I was using Lincoln Stein’s fine perl script torture.pl to stress test some J2EE architecture. We were having some initial stability problems and the code would break under the weight of torture. I ran the perl script while I monitored the J2EE server, a process that allowed us to identify the point of failure: an unclosed database connection. We patched the code and life was grand. With the fix in place, I stressed the server again with torture. It performed well under pressure and most importantly the code never broke, the server never failed.
But a funny thing happened on the way to user acceptance testing. The code broke again. How could that be? I had stressed the code with infinitely more simulated users then the number of acceptance testers. Why did the code break then? Did I miss something? In an attempt to solve the problem I was back in the lab with torture and stressing the java code.
But in the lab, the server wouldn’t break. I steadily increased the number of simulated users in a futile attempt to break the server. The only thing I broke was the Linux workstation which was running torture.pl, not the HP-UX server that was hosting the J2EE content. Perl’s overhead was exhausting the Linux workstation’s resources. I didn’t have access to the computing resources neccessary to run a high number of simulated users in perl. Therefore I needed something leaner.
I was working on project in C which made HTTP requests. Over the course of a weekend I was able to morph the code so that it would execute many simultaneous HTTP requests. I changed the output to match Lincoln Stein’s reporting so that it would be familiar to my team. Back in the lab on Monday morning, I was able to hit the server with three times as many simulated users. But nothing happened. The code still refused to break.

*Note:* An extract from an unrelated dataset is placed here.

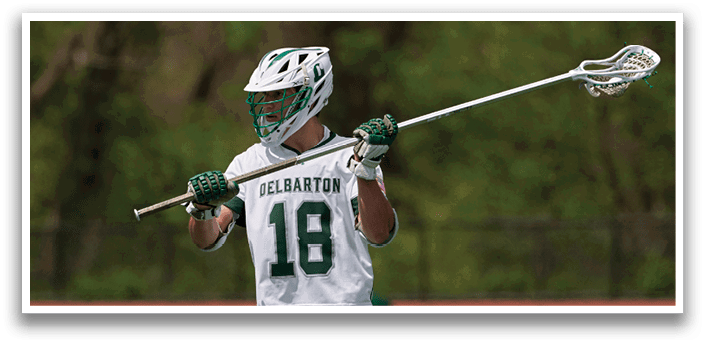 A man holding a lacrosse stick. Description generated by AI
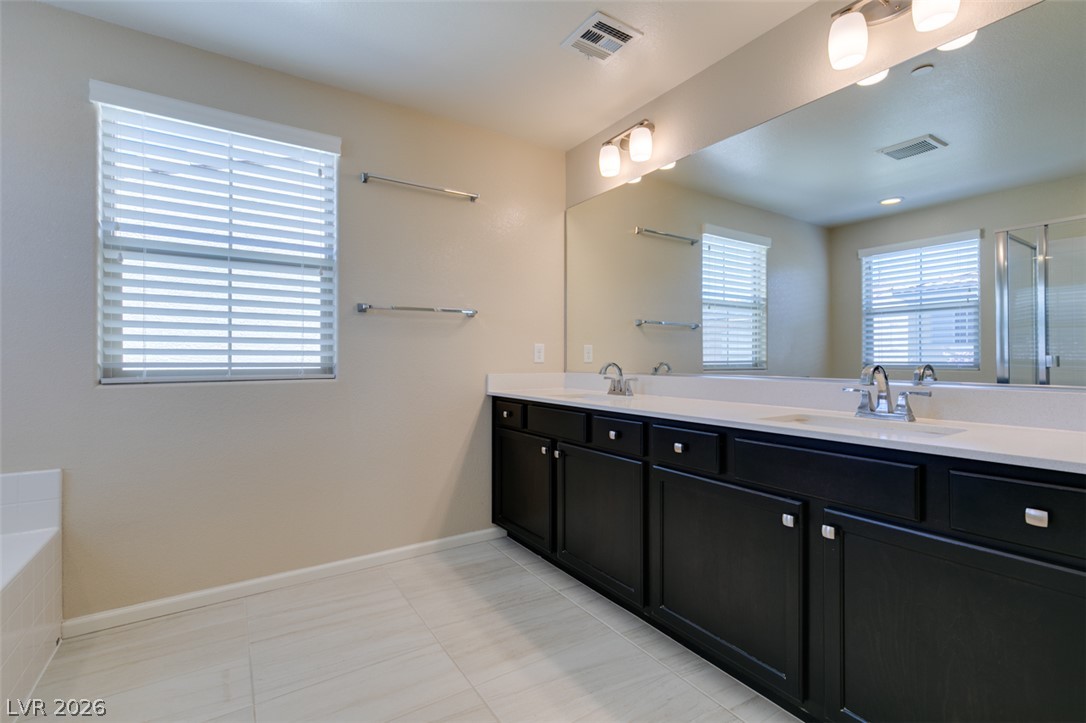 2549 Sable Ridge Street Henderson, NV 89044 - Photo 44 of 48 Dual vanities and a spacious mirror create a functional and pleasant bathroom.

My new code proved one thing. I was persuing the problem from the wrong angle. The number of simulated users exceeded the number of acceptance testers by many orders of magnitude, yet the acceptance testers were able to break the server, but the simulated users were not. Torture was pounding the server one URL at a time, the acceptance testers were roaming through the content at will. That discrepancy, I concluded, explained how the code passed one test and failed in the other. I had to recreate the acceptance testing in a lab environment so that I could pinpoint the cause of failure.
I cobbled a perl script which havested server links to a file. I rewote the C code so that it would read the URLs into memory and requested them randomly. Success! I was able to break the server; I could recreate the failure.
Continued testing led me to the conclusion that our code was not breaking, but rather the failure was at the server itself. Through the evidence we collected we were able to prove a problem to a vendor which ultimately resulted in a vendor issued patch. With that in place, the site was stable.
I added a cool name and GNU autotools support and published siege GPL because I thought it would be useful to others.